**Task goal:**
The lines below from the one with "Scarcity vs abundance.png" up to and including the one with "Marriott Vacations Total Revenue" are what you should set down, exactly and without pictures.

**Information shown:**
- Opening Delimiter -

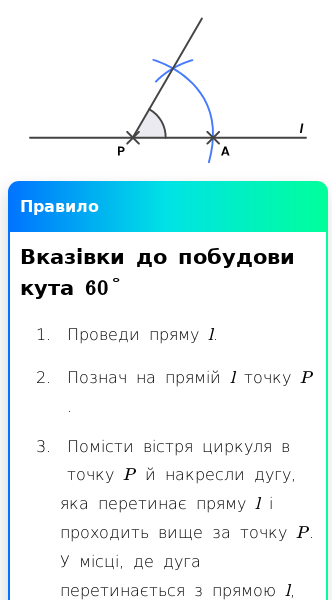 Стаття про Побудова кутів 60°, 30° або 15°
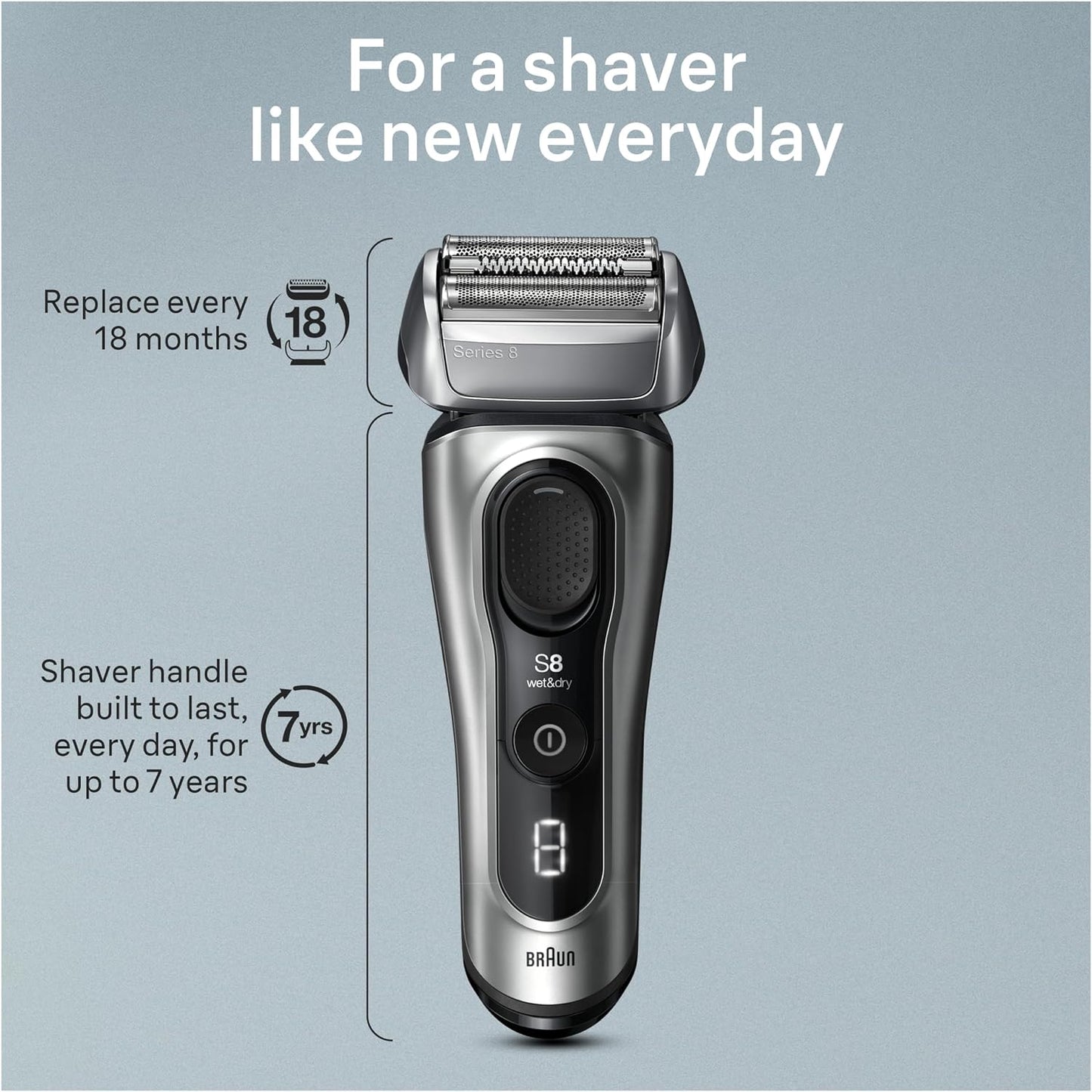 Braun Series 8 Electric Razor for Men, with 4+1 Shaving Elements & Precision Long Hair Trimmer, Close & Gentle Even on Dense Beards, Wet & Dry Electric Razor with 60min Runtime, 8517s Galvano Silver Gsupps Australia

- Closing Delimiter -
- Opening Delimiter -

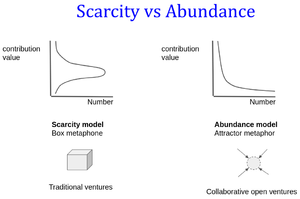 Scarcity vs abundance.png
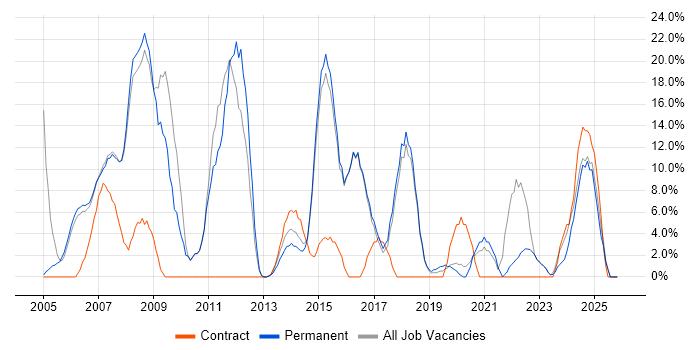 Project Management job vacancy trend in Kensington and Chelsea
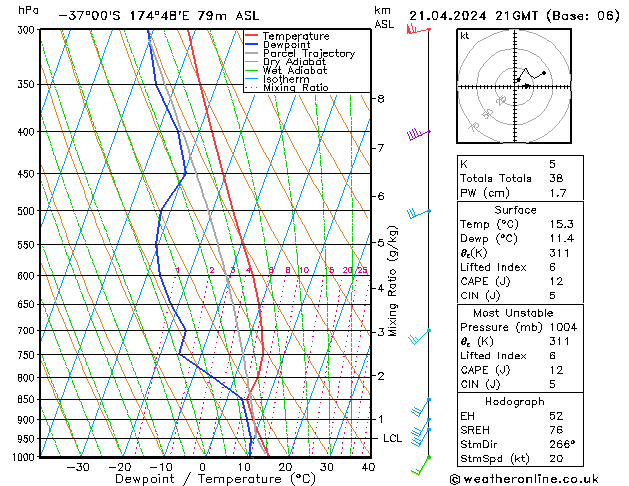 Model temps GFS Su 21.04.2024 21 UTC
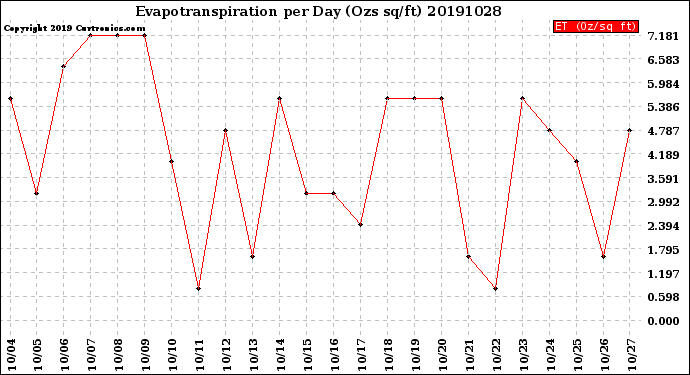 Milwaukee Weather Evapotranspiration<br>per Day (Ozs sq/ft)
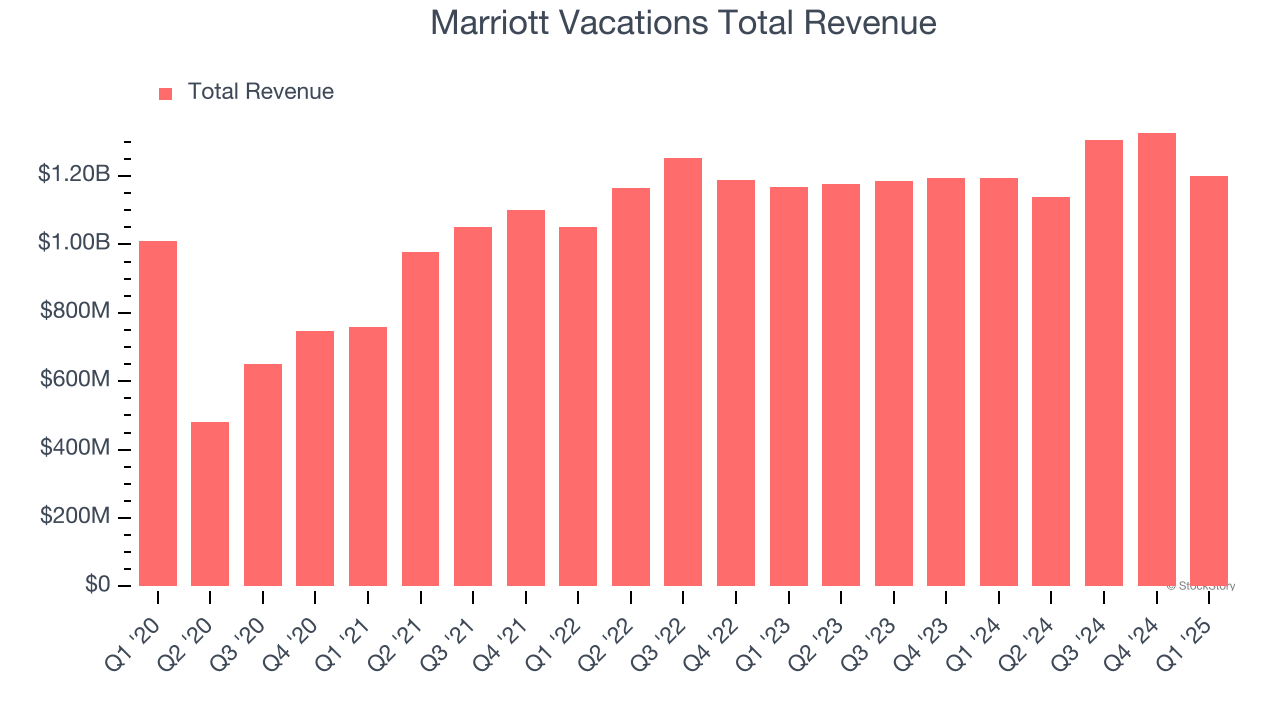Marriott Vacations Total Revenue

- Closing Delimiter -

**Completed task:**
 Scarcity vs abundance.png
 Project Management job vacancy trend in Kensington and Chelsea
 Model temps GFS Su 21.04.2024 21 UTC
 Milwaukee Weather Evapotranspiration<br>per Day (Ozs sq/ft)
Marriott Vacations Total Revenue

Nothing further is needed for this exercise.